O escritor japonês, Yukio Mishima, é uma das figuras mais controvertidas, polêmicas e enigmáticas das tantas a cujas biografias já tive acesso. Em qualquer aspecto que se leve em conta, quer no positivo, quer no negativo, causa fascínio e divide opiniões, com muitos defendendo ardorosamente suas idéias, atitudes e escolhas e outros tantos condenando-as com idêntica ênfase.
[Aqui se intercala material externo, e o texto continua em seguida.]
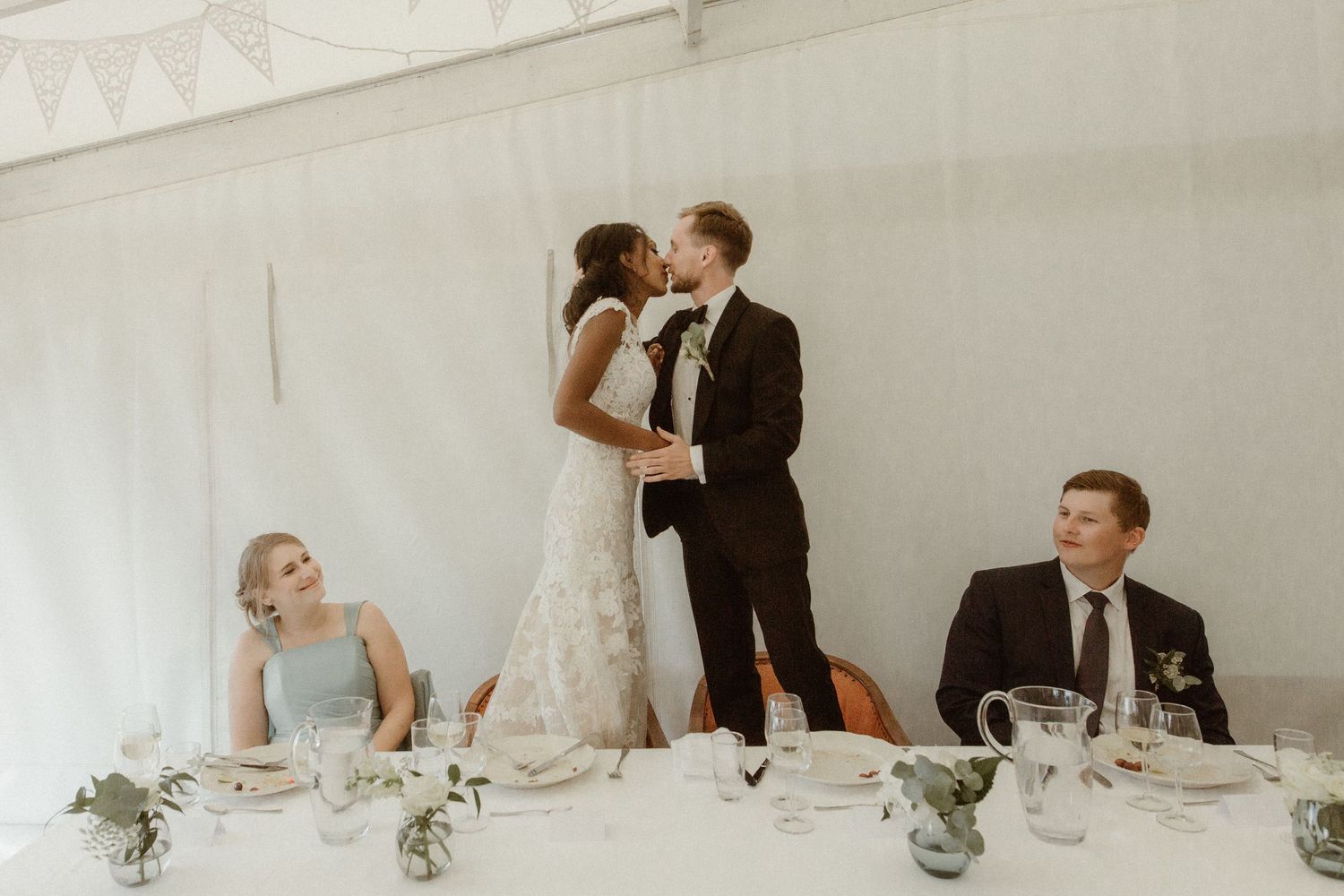 Couple sharing an intimate moment at their wedding reception head table while guests look on at decorated venue.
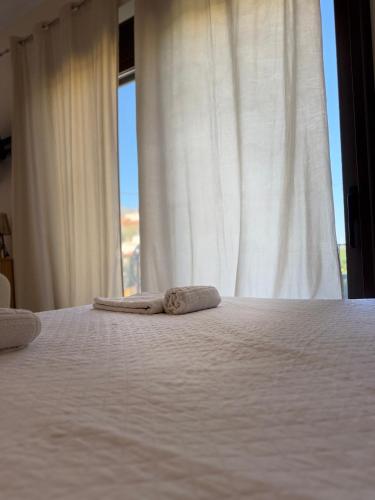 ein Schlafzimmer mit einem Bett, auf dem zwei Handtücher liegen in der Unterkunft Casa NiMa in Metókhion Apisianá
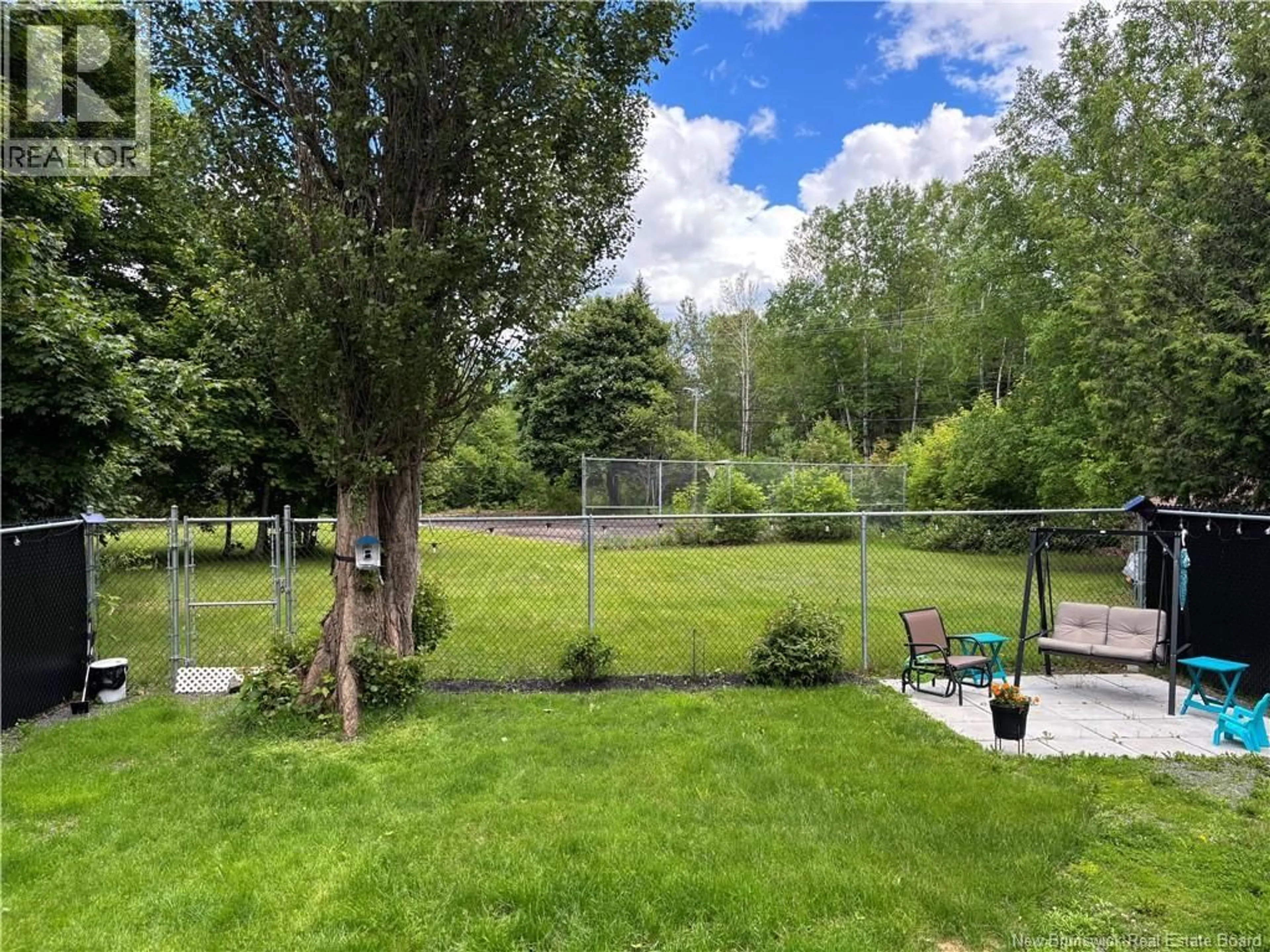 A pic from outside/outdoor area/front of a property/back of a property/a pic from drone, forest/trees view for 707 PARKWOOD STREET, Bathurst New Brunswick E2A4C2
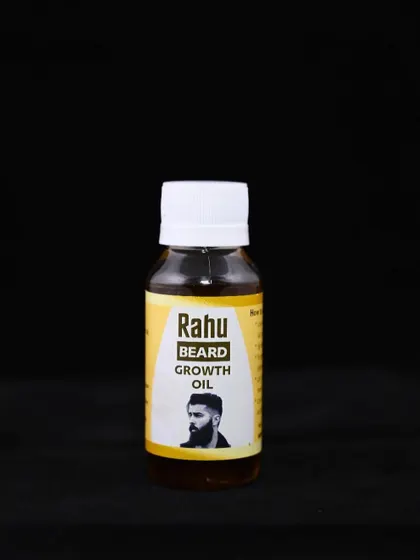 A clean shot of the Rahu Beard Growth Oil bottle. It's a specialized Ayurvedic formula designed to support facial hair growth and health.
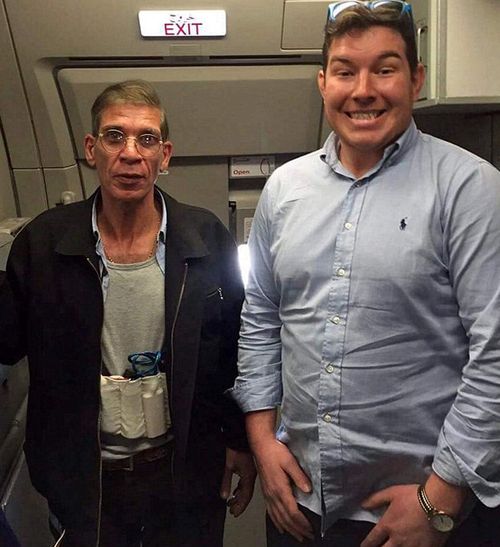 British man Ben Innes, 26, poses with the hijacker on board an EgyptAir flight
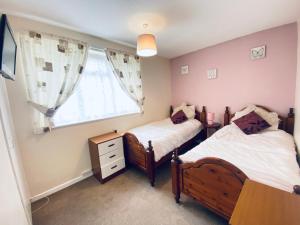 大雅茅斯Cosy and Comfortable Holiday Chalet 10 minutes walk to the beach, Norfolk的带窗户的客房内设有两张单人床。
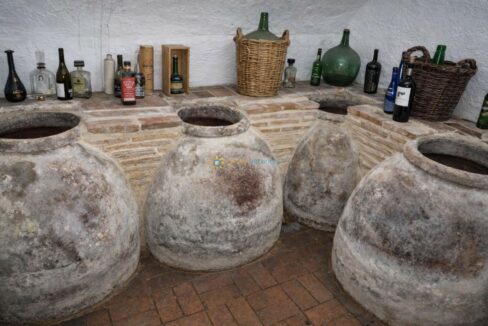 Bodega rústica con tinajas y botellas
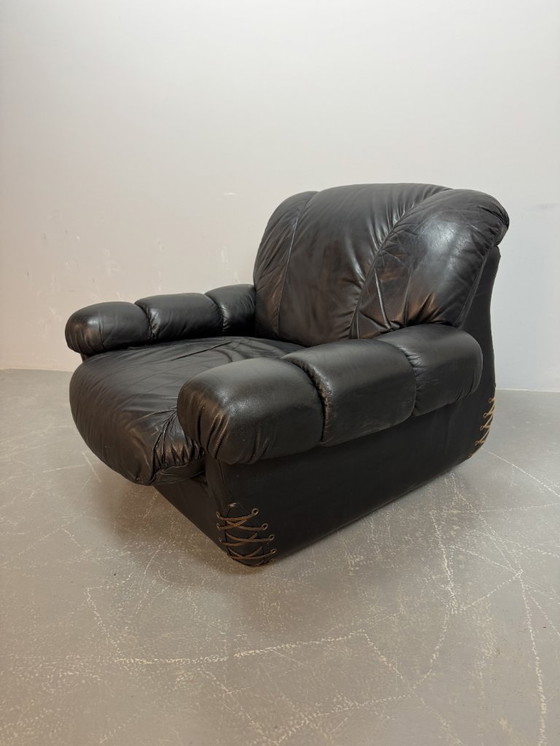 Image 1 of Beautiful Big Black Leather Postmodern Italian Design Space Age Lounge Chair with Brass Buttons and Playful Cord Lacing, 1970s.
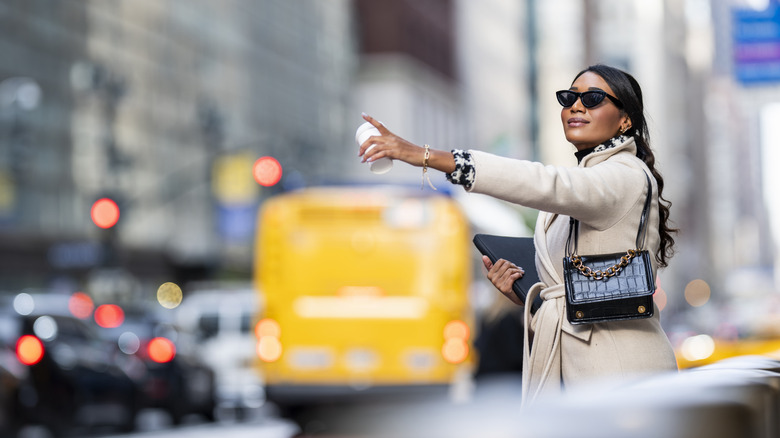 Woman hailing a cab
Não há, pois, nenhum exagero em classificá-lo de “enigma ambulante”, pois, concordando ou discordando do que foi e fez, não se pode afirmar, todavia, que seus pensamentos e atos sejam compreensíveis ou até justificáveis.

Hiraoki Kimitake, que ficou conhecido no mundo literário com o pseudônimo de Yukio Mishima, nasceu em Tóquio, em 14 de janeiro de 1925, no seio de uma família de classe alta (pode-se dizer, de elite), sumamente conservadora e fanaticamente apegada à tradição. O pai, Azuza, ocupava alto cargo ministerial no governo imperial japonês. A mãe, por seu turno, pertencia a uma família de confucianos letrados. Para tentar entender a personalidade e algumas (se não todas) das atitudes do futuro escritor – que muitos críticos literários consideram o melhor de todos os tempos que a rica Literatura japonesa já produziu – é preciso remontar à sua infância. Se não indispensável, creio que seja útil, analisar a maneira com que foi educado e por quem. Quais foram suas influências? Que tipo de restrições sofreu e por que? Quais as oportunidades que teve? Enfim, como foi essa etapa da sua formação moral e intelectual?  Afinal, é nessa fase da vida que se forja nossa personalidade.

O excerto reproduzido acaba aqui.